National Guard Joins The Firefight

As the wildfire begins in earnest in 2012, the Forest Service is operating with roughly half of the aircraft it had only a decade ago, stirring some controversy about aviation firefighting resources. Earlier this month, President Obama signed a bill to add larger tankers to the Forest Service's aerial firefighting fleet and, separately, four Air Force C-130s have now been scheduled to join the fight against an active blaze in Colorado. Aside from those aircraft, at least four more Air National Guard aircraft are equipped and ready to go. But, as the Forest Service told Philly.com this week, it can't request Guard aircraft unless all private tankers are already engaged or otherwise unavailable.

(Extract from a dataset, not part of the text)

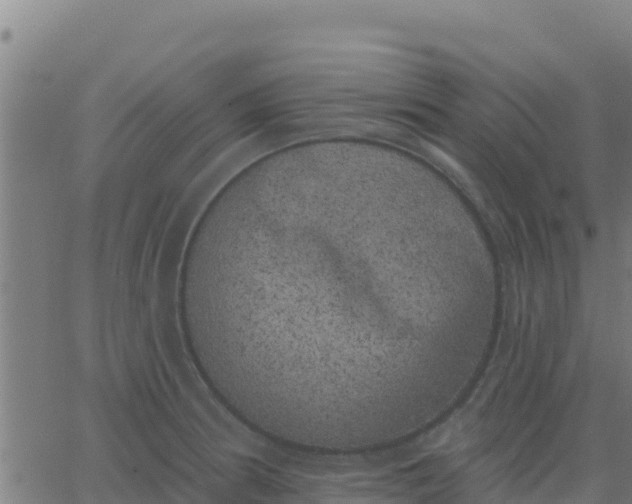 X0000062841186200601201630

The Air National Guard has eight C-130 cargo aircraft in Wyoming fitted for slurry drops and needs roughly two days notice to respond. And the Forest Service already has eight aircraft on lease from the state of California and Canada. Recent efforts will bring in two BAe-146 aircraft from Montana and another from Nevada. That will bring the Forest Service's aerial firefighting fleet to 20 large tanker aircraft. Eleven more that can be called into service (including National Guard C-130s). Ten years ago, the fleet numbered roughly 45 aircraft. Two fatal crashes led the Forest Service in 2004 to temporarily ground three-quarters of the fleet and resources have been slow to recover. Regardless of the overall size of the fleet, the dynamics of modern aerial firefighting often restricts the number of aircraft that can work any one fire at a time.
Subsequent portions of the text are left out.